Got it. I should read your blog more carefully. Thanks for your explanation.

Sorry for bringing this old thread up again but it has been very useful for me. Regarding the issues with calculating significance for a running correlation, do you have any references I could have a look at that explain the problem? I’m sure you understand that referencing a blog post is often not good enough for an academic journal…

I don’t know of any papers discussing problems with running correlations. I would have hoped the general problem I discuss here could be filed under “obvious” and not need citing, but given the number of papers that do it so badly, perhaps not. At least one paper has used the method I show here without citing it (I asked the author at a conference how they had done their running correlation, they replied that they had lifted the code from my blog).

I suppose at some stage I could write a note on problems with interpreting running correlation. Not entirely sure which journal would be appropriate. Meanwhile, try teaching journal editors about this new fangled thing call blogs…

Obvious to a statistician maybe but I have read many papers in hydrology/climate science using running correlation incorrectly. Indeed, I am a statistician by training but did not recognise the problem outlined here until I came across this blog… Anyway thank you for your help!

Hello Richard,

thanks for mentioning the multiple comparison problem, which is critically under-appreciated in paleoscience, leading to all kinds of spurious detections. Another issue that I am surprised you did not mention here is autocorrelation, which is often sizable for paleo timeseries (in part, due to persistence in climate/ecological systems and in part to archive-specific processes, like bioturbation in sedimentary archives). That often dramatically reduces the number of degrees of freedom available to a t-test, making results that assume $\nu = n-2$ woefully optimistic.

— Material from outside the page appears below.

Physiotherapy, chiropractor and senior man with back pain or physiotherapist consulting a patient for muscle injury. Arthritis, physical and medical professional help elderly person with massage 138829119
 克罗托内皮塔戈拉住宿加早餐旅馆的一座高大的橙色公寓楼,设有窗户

Running correlations add to this issue in that neighboring windows share a large fraction of data, so adjacent “tests” could hardly be less independent. I thus fear that the problem is even more severe than you make it out to be.

You may be interested in this paper, which touches on some of those issues:

Thank you for the link to the paper – very useful.

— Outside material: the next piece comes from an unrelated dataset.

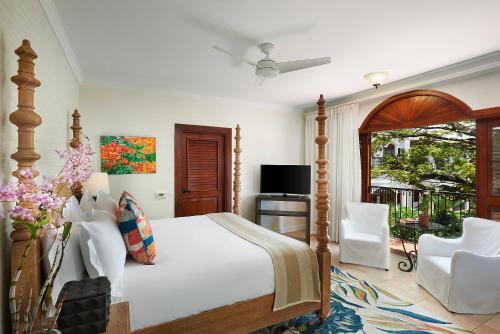 a bedroom with a large bed and a balcony at Cap Maison Resort & Spa in Cap Estate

I been asked a couple of time to write up this post (one of the most popular on my blog) as a paper. If I find time do this, I will certainly include autocorrelation as an additional problem. Autocorrelation is discussed in many other posts.

Hello Richard,

Recently I have been wondering about sliding correlations to apply them in the field of lifespan cognitive neuroscience and I came up with this great (old) post. It has been very useful given the lack of information about how to properly correct (for mult. comp and dependency) sliding window correlations.

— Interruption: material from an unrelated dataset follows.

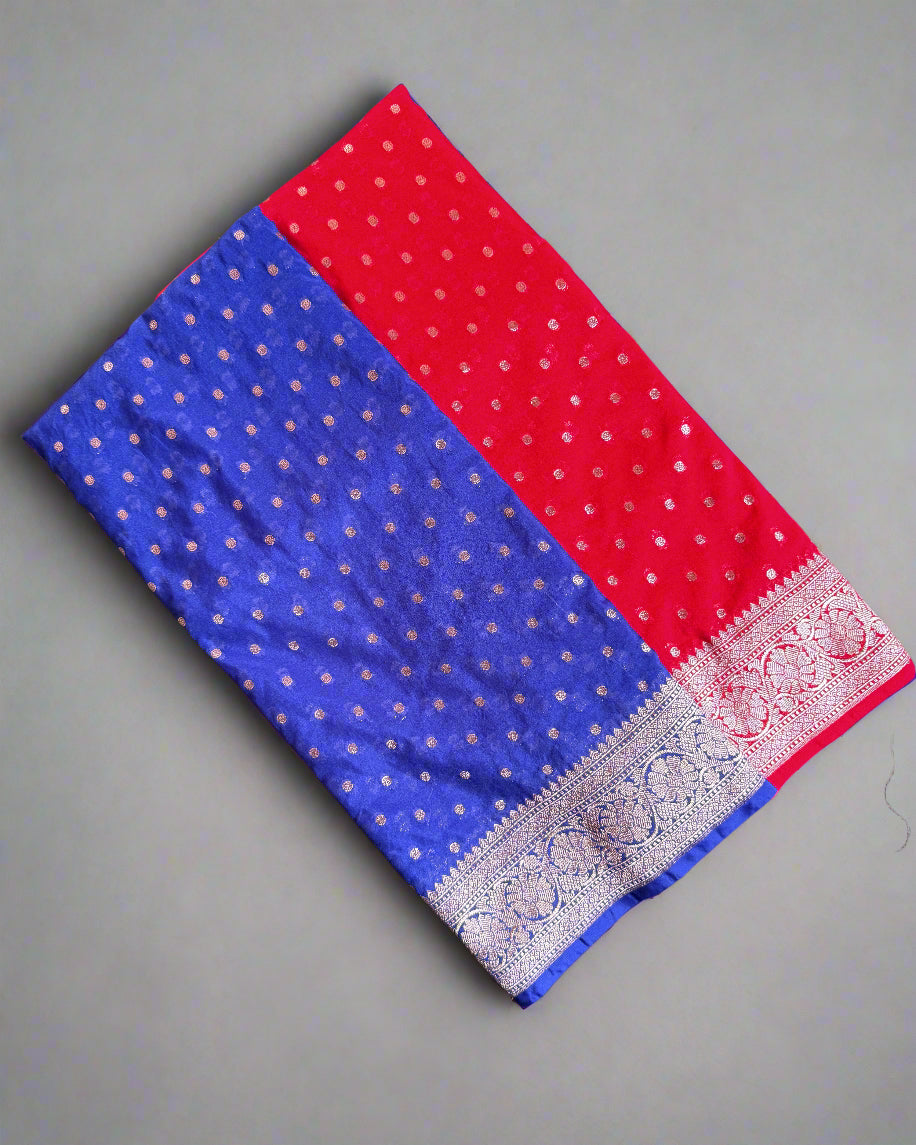 Red and blue fabric with a patterned border on a gray surface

I’d like to ask you a couple of questions: 1) would you be able to recommend some papers associated with this topic? and 2) all the corrections I’ve seen in sliding windows refer to a single comparison. Would it be sound to apply a “cluster-based” approach in which first, we detect a consecutive number of comparisons reaching a significant value (arbitrary; let’s say p = .05) and then testing whether the number of consecutive comparisons reaching significance is p < 0.05 by permuting the data and obtaining a distribution of the max. number of consecutive significant comparisons? I’d love to hear your thoughts about it

I’ve seen a paper discussing how to use running correlations to test if a correlation is stable, but I am not aware of any that discuss how to interpret running correlations that are occasionally significant (there will be equivalent tests in the spectral domain with wavelets that might have more coverage). Several people have asked if I plan on writing up this blog post as a paper – I do, once I have worked out what it all means – but it is not my highest priority.

Your proposed test would be very sensitive to autocorrelation in the data. That can of course be corrected for by changing the null test to use autocorrelated time series (with the same properties as the original data) rather than white noise. If this can be solved, then I think your test is reasonable, but it is quite remote from asking if two series are related.